What a difference 24 years makes! Here we have the kind of super clear explanation of the Viewstamped Replication protocol that makes you want to break out the editor and start coding it up straight away – if you hadn’t just read Paxos Made Live of course ;). Compared to the original paper that we looked at on Monday, on top of a much clearer explanation this version includes support for reconfiguration (adding or removing group members), several optimisations, and a clean distinction between the ViewStamped Replication (VR) algorithm and any state-machine based distributed system you might build on top.
It differs from Paxos in that it is a replication protocol rather than a consensus protocol: it uses consensus, with a protocol very similar to Paxos, as part of supporting a replicated state machine. Another point is that unlike Paxos, VR did not require disk I/O during the consensus protocol used to execute state machine operations
The lifetime of the system is divided into epochs, and epochs are divided into views.
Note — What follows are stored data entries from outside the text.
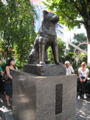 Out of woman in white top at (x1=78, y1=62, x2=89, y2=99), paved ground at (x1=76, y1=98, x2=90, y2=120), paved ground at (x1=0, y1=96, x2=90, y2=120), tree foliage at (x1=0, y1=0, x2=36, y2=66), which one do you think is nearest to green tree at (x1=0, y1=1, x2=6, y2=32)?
tree foliage at (x1=0, y1=0, x2=36, y2=66)

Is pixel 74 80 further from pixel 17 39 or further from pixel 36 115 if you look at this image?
pixel 17 39

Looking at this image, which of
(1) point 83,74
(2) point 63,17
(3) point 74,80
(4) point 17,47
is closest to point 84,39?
(2) point 63,17

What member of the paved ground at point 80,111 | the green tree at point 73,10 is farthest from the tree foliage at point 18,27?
the paved ground at point 80,111

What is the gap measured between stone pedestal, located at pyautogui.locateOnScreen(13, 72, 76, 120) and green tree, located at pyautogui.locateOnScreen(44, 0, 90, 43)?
335 inches

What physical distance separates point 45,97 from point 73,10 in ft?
34.2

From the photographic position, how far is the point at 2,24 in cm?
854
When not changing between views or epochs, the system operates normally . Epoch changes are driven by an administrative action to add or remove group members (this may be automated of course). View changes within an epoch are driven by process or communication failure (assumed to be temporary) amongst the members of the epoch.
There are four interlocking protocols: normal operation, the view-change protocol, the recovery protocol (for a crashed and recovering replica), and the reconfiguration protocol (for moving to a new epoch). VR doesn’t mind what kind of state machine you build on top – the VR protocols look after the distribution aspects, and you supply the state machine (called the service in the paper).
VR ensures reliability and availability when no more than a threshold of f replicas are faulty. It does this by using replica groups of size 2f + 1; this is the minimal number of replicas in an asynchronous network under the crash failure model…. A group of f +1 replicas is often referred to as a quorum and correctness of the protocol depends on the quorum intersection property: the quorum of replicas that processes a particular step of the protocol must have a non-empty intersection with the group of replicas available to handle the next step.
The protocol description assumes all participating replicas are in the same view. Every message sent from one replica to another contains the sender’s current viewnumber. Replicas only process normal protocol messages containing a view-number that matches the view-number they know. If the sender is behind, the receiver drops the message. If the sender is ahead, the replica performs a state transfer: it requests information it is missing from the other replicas and uses this information to bring itself up to date before processing the message.
One of the replicas is the primary, to which client requests are directed. The primary orders requests; the other replicas are backups that simply accept the order chosen by the primary.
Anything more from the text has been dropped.